Americans spent $360 million on display fireworks and $945 million on consumer fireworks in 2018, and the American Pyrotechnics Association said consumer fireworks revenues could exceed $1 billion this year, with Independence Day being the most popular occasion for fireworks all year. More than 60 percent of fireworks-related injuries happened within the two weeks before and after the holiday last year, according to the Consumer Product Safety Commission.
AAA estimated 49 million people are traveling for Fourth of July getaways this year. Drivers will likely find gas prices lower than last year, but average car rental rates are up 5 percent. Average airfares are also up 10 percent.
With all the traveling, eating and blowing stuff up, it can be easy to spend a lot on the holiday. WalletHub polled some experts on consumer issues about how to save while celebrating.

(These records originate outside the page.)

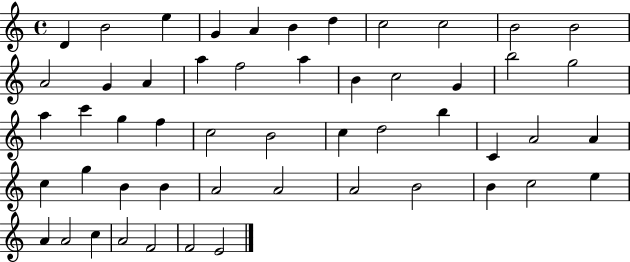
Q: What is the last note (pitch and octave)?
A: E4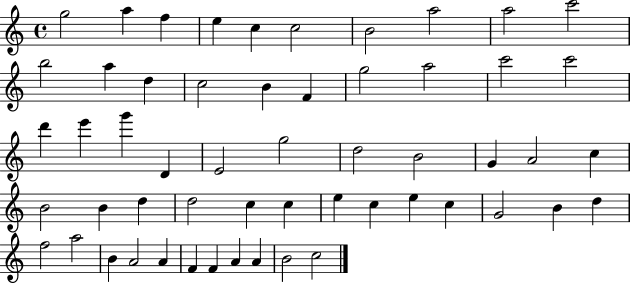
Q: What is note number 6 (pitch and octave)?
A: C5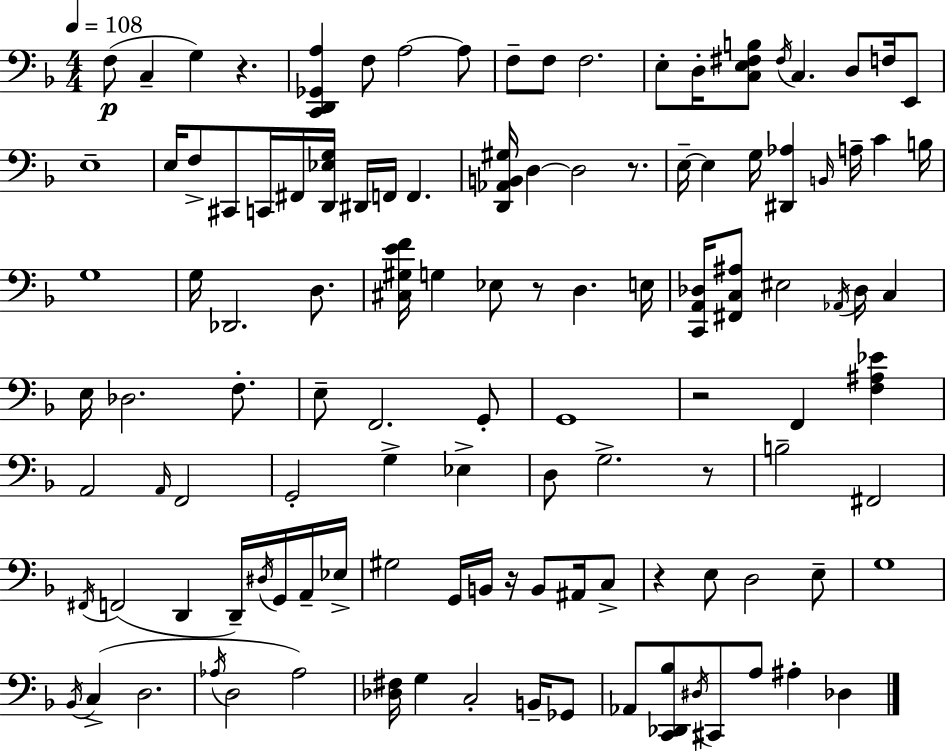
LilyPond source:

{
  \clef bass
  \numericTimeSignature
  \time 4/4
  \key f \major
  \tempo 4 = 108
  \repeat volta 2 { f8(\p c4-- g4) r4. | <c, d, ges, a>4 f8 a2~~ a8 | f8-- f8 f2. | e8-. d16-. <c e fis b>8 \acciaccatura { fis16 } c4. d8 f16 e,8 | \break e1-- | e16 f8-> cis,8 c,16 fis,16 <d, ees g>16 dis,16 f,16 f,4. | <d, aes, b, gis>16 d4~~ d2 r8. | e16--~~ e4 g16 <dis, aes>4 \grace { b,16 } a16-- c'4 | \break b16 g1 | g16 des,2. d8. | <cis gis e' f'>16 g4 ees8 r8 d4. | e16 <c, a, des>16 <fis, c ais>8 eis2 \acciaccatura { aes,16 } des16 c4 | \break e16 des2. | f8.-. e8-- f,2. | g,8-. g,1 | r2 f,4 <f ais ees'>4 | \break a,2 \grace { a,16 } f,2 | g,2-. g4-> | ees4-> d8 g2.-> | r8 b2-- fis,2 | \break \acciaccatura { fis,16 }( f,2 d,4 | d,16--) \acciaccatura { dis16 } g,16 a,16-- ees16-> gis2 g,16 b,16 | r16 b,8 ais,16 c8-> r4 e8 d2 | e8-- g1 | \break \acciaccatura { bes,16 }( c4-> d2. | \acciaccatura { aes16 } d2 | aes2) <des fis>16 g4 c2-. | b,16-- ges,8 aes,8 <c, des, bes>8 \acciaccatura { dis16 } cis,8 a8 | \break ais4-. des4 } \bar "|."
}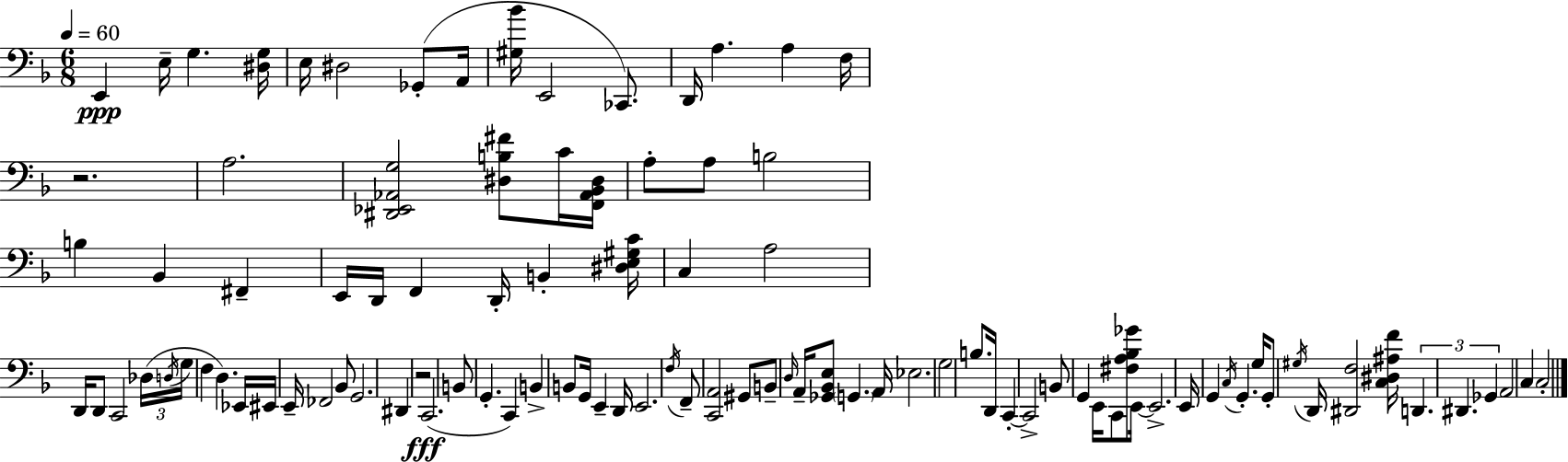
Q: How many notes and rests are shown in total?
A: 100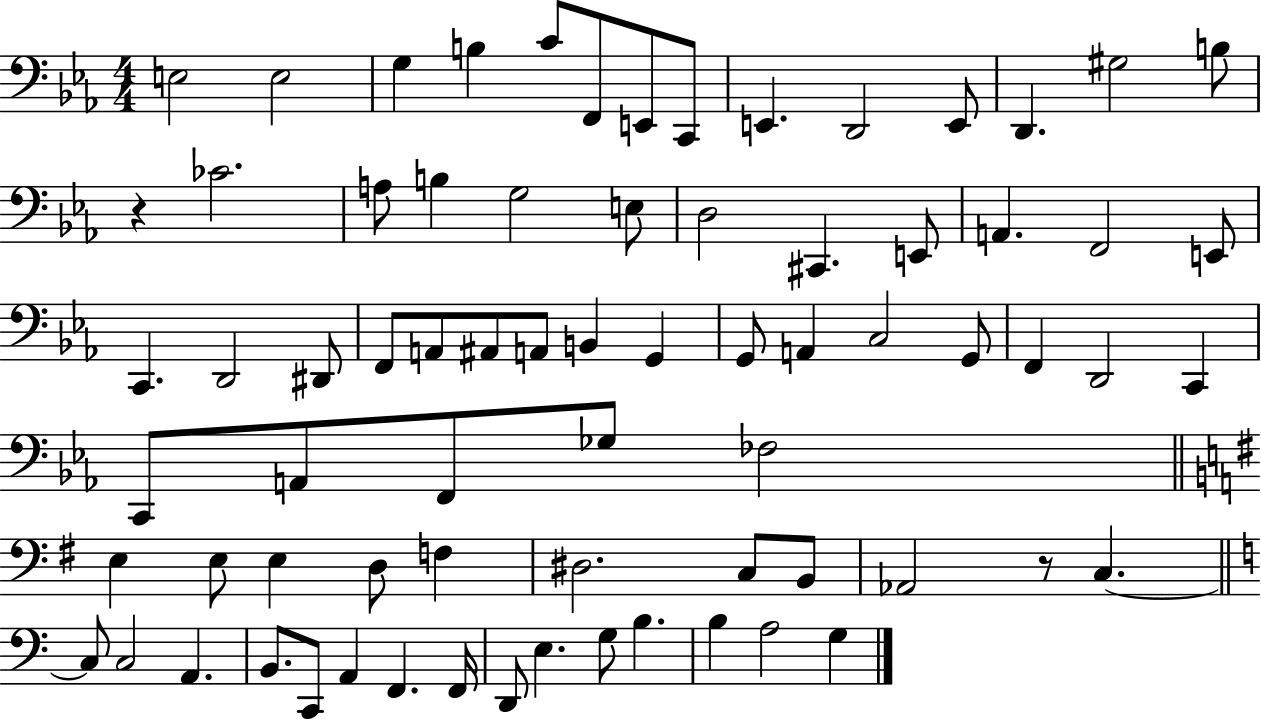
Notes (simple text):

E3/h E3/h G3/q B3/q C4/e F2/e E2/e C2/e E2/q. D2/h E2/e D2/q. G#3/h B3/e R/q CES4/h. A3/e B3/q G3/h E3/e D3/h C#2/q. E2/e A2/q. F2/h E2/e C2/q. D2/h D#2/e F2/e A2/e A#2/e A2/e B2/q G2/q G2/e A2/q C3/h G2/e F2/q D2/h C2/q C2/e A2/e F2/e Gb3/e FES3/h E3/q E3/e E3/q D3/e F3/q D#3/h. C3/e B2/e Ab2/h R/e C3/q. C3/e C3/h A2/q. B2/e. C2/e A2/q F2/q. F2/s D2/e E3/q. G3/e B3/q. B3/q A3/h G3/q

Jennifer A. Pope, an associate professor of international business and marketing at Grand Valley State University, suggested attending a public fireworks display rather than buying them for home.
“I have heard people say they spend hundreds of dollars a year on fireworks for 15 to 20 minutes of firework fun, and we also hear stories every year of people getting hurt and killed,” she said.
Alexander Milovic, an assistant professor of practice at Marquette University, told WalletHub traveling on the holiday will also include paying a premium for hotels, resorts and theme parks.
“Not planning ahead and eating out for multiple meals can also hurt your budget,” he said.
Meanwhile, Alice S. Tsang, a professor of economics and business and director of global partnership at Gordon College, suggested waiting until after the holiday to buy patriotic merchandise at a discount for next year.